All 4 corners are now on and all 4 brake calipers & hubs, meaning in effect I have reached a rolling chassis stage, that said I like the work height on the Dolly so I'm not taking it off at this stage. So once all 4 corners were on it was time to think about the handbrake.

This Chassis has no design in it for the handbrake, I'm sure of that because the MR2 system was never the simplest with the handbrake levers direct cable heading forwards to where the two handbrake cables meet it. when a simpler solution would be for a handbrake lever with a small wire going backwards, splitting to both sides. Unfortunately this is going to sit under the belly and main chassis floor, not a personal favourite of mine as it ruins the nice flat floor to the car and puts a new lower point on the floor as well. The picture below shows the handbrake cables heading underneath the chassis (blue). They will be supported in wide open rubber loops to allow movement as the suspension moves but stops them dragging on the floor or rubbing.

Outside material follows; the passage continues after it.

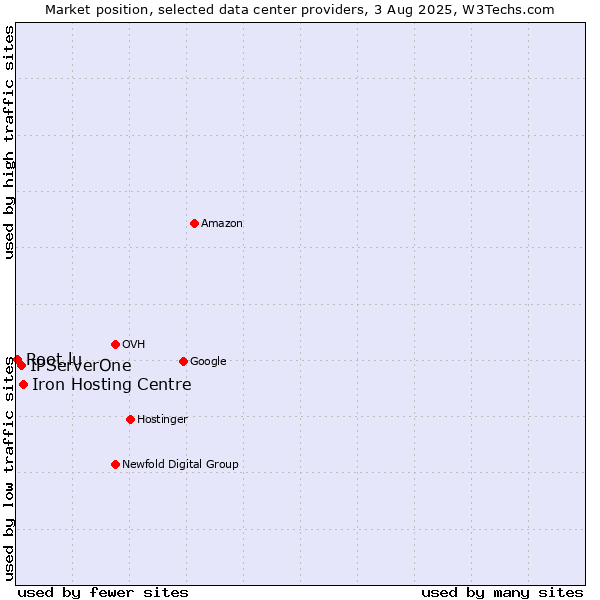 Market position of Iron Hosting Centre vs. IPServerOne vs. Root.lu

Also the mounting of the MR2 handbrake doesn't work, so I'm currently collecting handbrakes from Ebay trying them out for a better solution.


As well as this I've been working to extend the gear cables.for their new position, I will do a more detailed post on them alone once fitted over this weekend as its quite key in terms of what is done to make them work. (another family member to thank). However the photo below shows step one where the gear selector mount had to be cut and the start of the extending work!



As well as that I've been talking with Silent Coat about sound proofing and they've been really helpful so far and look forward to ordering the parts they recommend. Sound proofing was very important to me to remove what I call the kit car feel. I want this to feel like it is a quality built car and with their help and recommendation in terms of the correct sound proofing in different areas I'm sure this is going to help. More to come on that once ordered!

This weekend Ill be putting in the brake pads and testing the braking system has no leaks because if it does, its a million times easier to run a new pipe now....fingers crossed though!!